El cementerio estaba vacío; sólo se veía a una anciana de luto riguroso inclinada sobre una de las sepulturas, con un rosario de boj entre las manos, absorta en su plegaria. Hasta que no llegó a la capilla familiar, no vio al sacerdote, o al hombre que por un instante creyó que lo era. El largo hábito negro, un poco flotante, y el tocado redondo podían pertenecer a varias Iglesias de Oriente, al igual que la barba unida a los largos cabellos, pero enseguida se dio cuenta de que ya había visto esas hermosas manos y el poderoso bastón de ébano en el que se apoyaban. De pie antela puerta de bronce, el visitante, con la cabeza inclinada, parecía concentrado en una profunda reflexión. Aldo esperó un momento; estaba seguro de que, detrás de las gafas de cristales ahumados que ocultaban la parte superior del rostro, se refugiaba un ojo único de un azul tan profundo como el del zafiro, y de que Simon Aronov se hallaba ante él.

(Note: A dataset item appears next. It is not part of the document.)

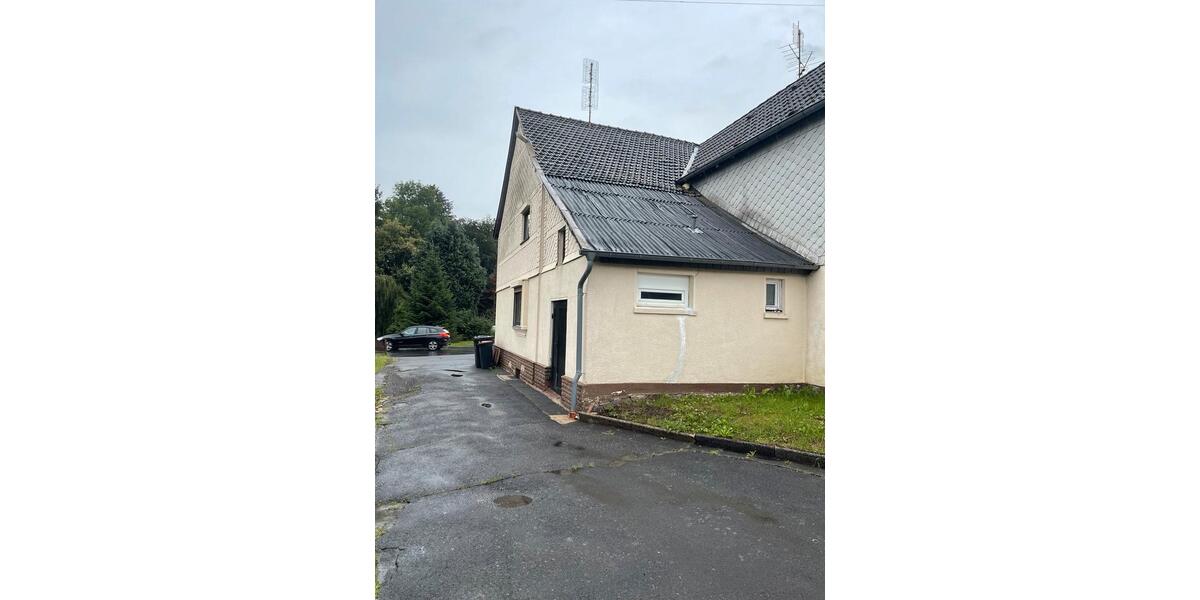 Etagenwohnung Windeck - 4 Zimmer, 100 m&sup2;, 1.450&euro; | Angebot:25149997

De pronto, este dijo, sin siquiera volverse:

—Perdone mi silencio. Temo que lo haya preocupado, pero estaba bastante lejos. Además, quería que esta vez nos encontráramos aquí, en Venecia, y ante esta tumba, a fin de rendir homenaje a la que fue la última víctima de la piedra azul. Deseaba venir a arrodillarme sobre las cenizas de una gran dama y rezar. Ante el Todopoderoso —añadió, con la sombra de una sonrisa—, las oraciones, sea cual sea la lengua en que se pronuncien, no tienen otro valor que su sinceridad.

Por toda respuesta, Aldo sacó una llave del bolsillo y abrió la puerta del panteón.

—Pase —dijo.

Aunque estaba perfectamente cuidado, el interior de la capilla olía a flores marchitas, a cera fría y, sobre todo, a humedad, pero en aquel medio casi acuático ningún veneciano prestaba atención a eso. Morosini señaló el banco de mármol situado frente al altar y propicio a las meditaciones. El Cojo se sentó mientras él depositaba las rosas en una jardinera.

—¿Trae flores a menudo a esta tumba? —preguntó Aronov.